Segundo o juiz Bernard McCloskey, o assunto de sair ou não da UE e, saindo, fazê-lo com ou sem acordo é “inerentemente e inconfundivelmente político”, sendo as divergências de opinião, “alegações e contra-alegações, afirmações e contra-afirmações” parte normal da disputa nessa esfera. São mesmo, acrescenta o magistrado, “a própria essência do que é aceite e permitido numa sociedade democrática”.
A ação judicial foi interposta pelo ativista Raymond McCord, que perdeu um filho nessa guerra, assassinado por paramilitares unionistas em 1997; por Jamie Waring, da organização de defesa dos direitos cívicos Comité para a Administração da Justiça; e por um cidadão anónimo.
A haver recurso, será decidido na sexta-feira. Isto permite que, caso assim entenda, o Supremo Tribunal do Reino Unido inclua este processo na apreciação que fará, a partir de terça-feira, 17 de setembro, de outros dois processos apreciados na Escócia e em Inglaterra a respeito do Brexit.
Supremo pode juntar três processos
Quarta-feira um painel de três juízes do mais alto tribunal cível escocês considerou ilegal a suspensão do Parlamento decidida pelo Governo de Boris Johnson, na sequência de uma queixa apresentada por 79 pessoas, na maioria parlamentares.
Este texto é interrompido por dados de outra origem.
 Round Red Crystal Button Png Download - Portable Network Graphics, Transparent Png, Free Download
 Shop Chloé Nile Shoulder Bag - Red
Os magistrados concordaram que a medida não se destinou (como alegou o Executivo) a preparar a próxima sessão legislativa, mas a contornar o escrutínio da ação governativa pelos deputados. O tribunal norte-irlandês não abordou esta questão.
Já o Alto Tribunal inglês rejeitou a ilegalidade da suspensão do Parlamento, noutro processo da autoria da ativista política Gina Miller, a mesma que em 2017 conseguiu que a justiça obrigasse o Governo de Theresa May a consultar o Parlamento antes de desencadear o processo do Brexit.
O Supremo começa a apreciar terça-feira, ao longo de três dias, o recurso de Miller contra a decisão inglesa e o do Governo contra a decisão escocesa. Recorde-se que no referendo que decidiu a saída da UE, em 2016, por 52%-48%, a permanência na UE foi opção maioritária na Escócia (62%) e na Irlanda do Norte (56%).